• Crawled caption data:

○ ○ ○ ○ ○ ○ ○

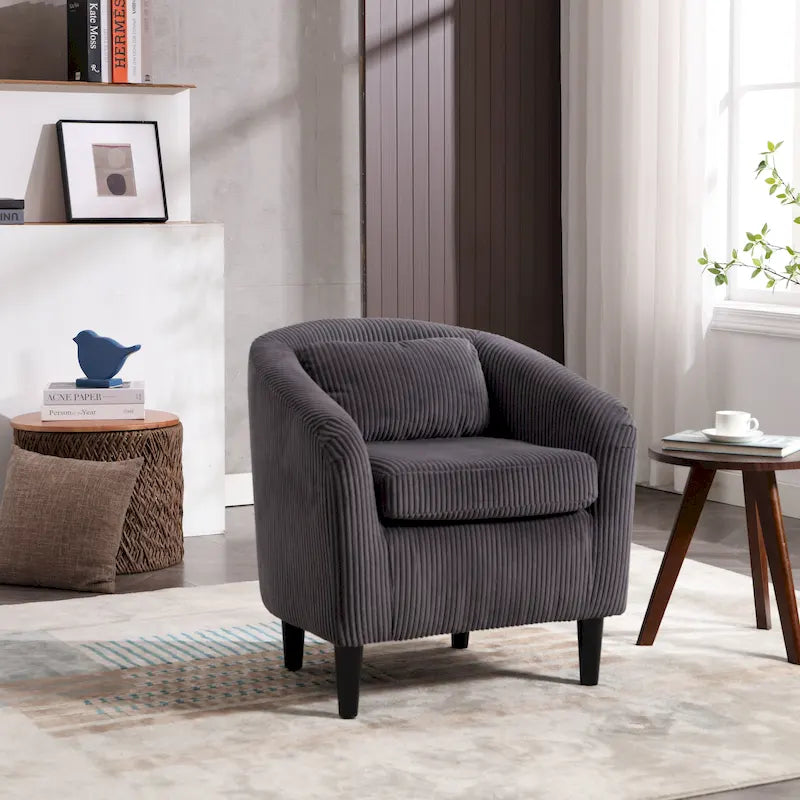 Modern 24.8 Upholstered Barrel Chair with Wood Legs and Pillows for Living Room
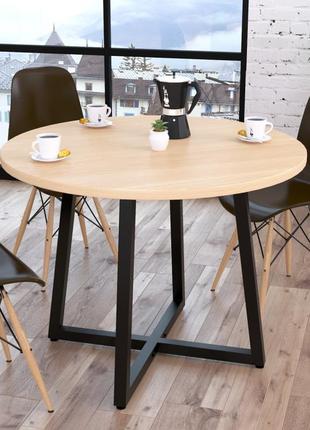 Столицю круглий обідній бланк loft design 100 см дуб борас. лафт з металу, круглий кухонний стіл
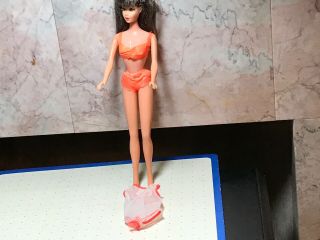 Vintage Barbie Brunette Tnt Twist/turn Doll W/swimsuit/coverup @ 1966 Japan G - 78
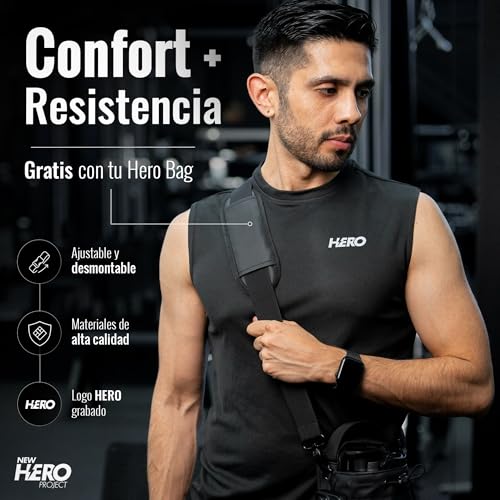 Hero Bag New Hero Project – Mochila Deportiva Magnética de Gimnasio Unisex, Compacta y Resistente – Color Negro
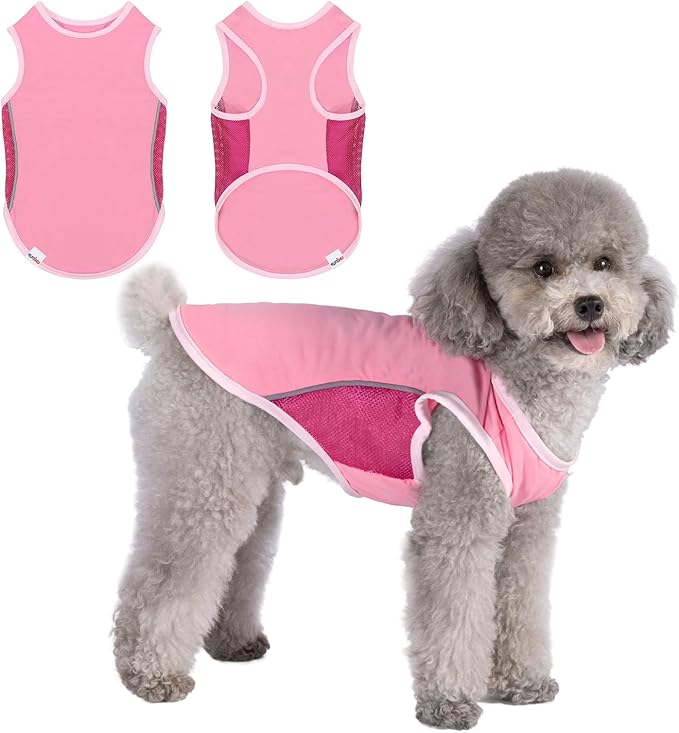 UPF 50+ Sun Protection Sleeveless Dog Shirt for Small Dogs - Breathable Lightweight Sports Fan T-Shirt with Reflective Strips, UV Protective Apparel P23ST00503S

○ ○ ○ ○ ○ ○ ○

All of the records above should be returned exactly, though the pictures should not.

 Modern 24.8 Upholstered Barrel Chair with Wood Legs and Pillows for Living Room
 Столицю круглий обідній бланк loft design 100 см дуб борас. лафт з металу, круглий кухонний стіл
 Vintage Barbie Brunette Tnt Twist/turn Doll W/swimsuit/coverup @ 1966 Japan G - 78
 Hero Bag New Hero Project – Mochila Deportiva Magnética de Gimnasio Unisex, Compacta y Resistente – Color Negro
 UPF 50+ Sun Protection Sleeveless Dog Shirt for Small Dogs - Breathable Lightweight Sports Fan T-Shirt with Reflective Strips, UV Protective Apparel P23ST00503S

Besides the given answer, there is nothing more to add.